Chemistry Innovation Center, Discovery Sciences, AstraZeneca R&D Mölndal, Sweden.
J Chem Inf Model. 2013 Jun 24;53(6):1324-36. doi: 10.1021/ci4001376. Epub 2013 Jun 12.
A novel methodology was developed to build Free-Wilson like local QSAR models by combining R-group signatures and the SVM algorithm. Unlike Free-Wilson analysis this method is able to make predictions for compounds with R-groups not present in a training set. Eleven public data sets were chosen as test cases for comparing the performance of our new method with several other traditional modeling strategies, including Free-Wilson analysis. Our results show that the R-group signature SVM models achieve better prediction accuracy compared with Free-Wilson analysis in general. Moreover, the predictions of R-group signature models are also comparable to the models using ECFP6 fingerprints and signatures for the whole compound. Most importantly, R-group contributions to the SVM model can be obtained by calculating the gradient for R-group signatures. For most of the studied data sets, a significant correlation with that of a corresponding Free-Wilson analysis is shown. These results suggest that the R-group contribution can be used to interpret bioactivity data and highlight that the R-group signature based SVM modeling method is as interpretable as Free-Wilson analysis. Hence the signature SVM model can be a useful modeling tool for any drug discovery project.

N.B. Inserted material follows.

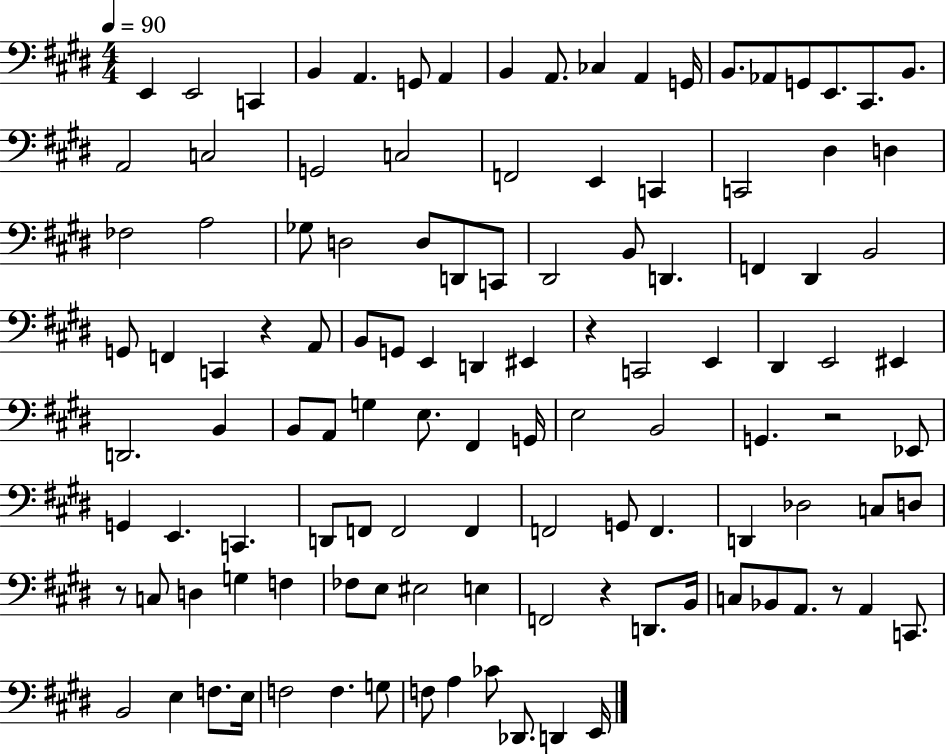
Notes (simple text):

E2/q E2/h C2/q B2/q A2/q. G2/e A2/q B2/q A2/e. CES3/q A2/q G2/s B2/e. Ab2/e G2/e E2/e. C#2/e. B2/e. A2/h C3/h G2/h C3/h F2/h E2/q C2/q C2/h D#3/q D3/q FES3/h A3/h Gb3/e D3/h D3/e D2/e C2/e D#2/h B2/e D2/q. F2/q D#2/q B2/h G2/e F2/q C2/q R/q A2/e B2/e G2/e E2/q D2/q EIS2/q R/q C2/h E2/q D#2/q E2/h EIS2/q D2/h. B2/q B2/e A2/e G3/q E3/e. F#2/q G2/s E3/h B2/h G2/q. R/h Eb2/e G2/q E2/q. C2/q. D2/e F2/e F2/h F2/q F2/h G2/e F2/q. D2/q Db3/h C3/e D3/e R/e C3/e D3/q G3/q F3/q FES3/e E3/e EIS3/h E3/q F2/h R/q D2/e. B2/s C3/e Bb2/e A2/e. R/e A2/q C2/e. B2/h E3/q F3/e. E3/s F3/h F3/q. G3/e F3/e A3/q CES4/e Db2/e. D2/q E2/s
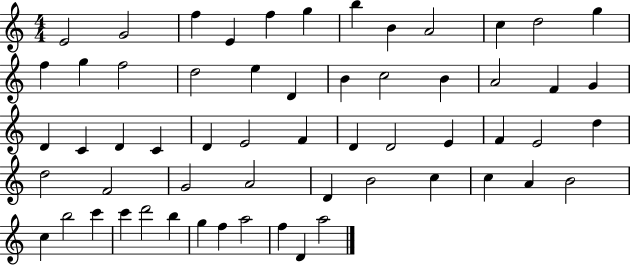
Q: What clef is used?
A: treble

开发了一种新的方法学,通过组合 R 基团特征和 SVM 算法来构建类似于 Free-Wilson 的局部 QSAR 模型。与 Free-Wilson 分析不同,该方法能够对训练集中不存在 R 基团的化合物进行预测。选择了十一个公共数据集作为测试案例,以比较我们的新方法与其他几种传统建模策略(包括 Free-Wilson 分析)的性能。我们的结果表明,与 Free-Wilson 分析相比,R 基团特征 SVM 模型通常具有更好的预测准确性。此外,R 基团特征模型的预测结果也与使用 ECFP6 指纹和整个化合物特征的模型相当。最重要的是,可以通过计算 R 基团特征的梯度来获得 SVM 模型中 R 基团的贡献。对于大多数研究的数据集中,与相应的 Free-Wilson 分析结果之间存在显著相关性。这些结果表明,R 基团贡献可用于解释生物活性数据,并强调基于 R 基团特征的 SVM 建模方法与 Free-Wilson 分析一样具有可解释性。因此,特征 SVM 模型可以成为任何药物发现项目的有用建模工具。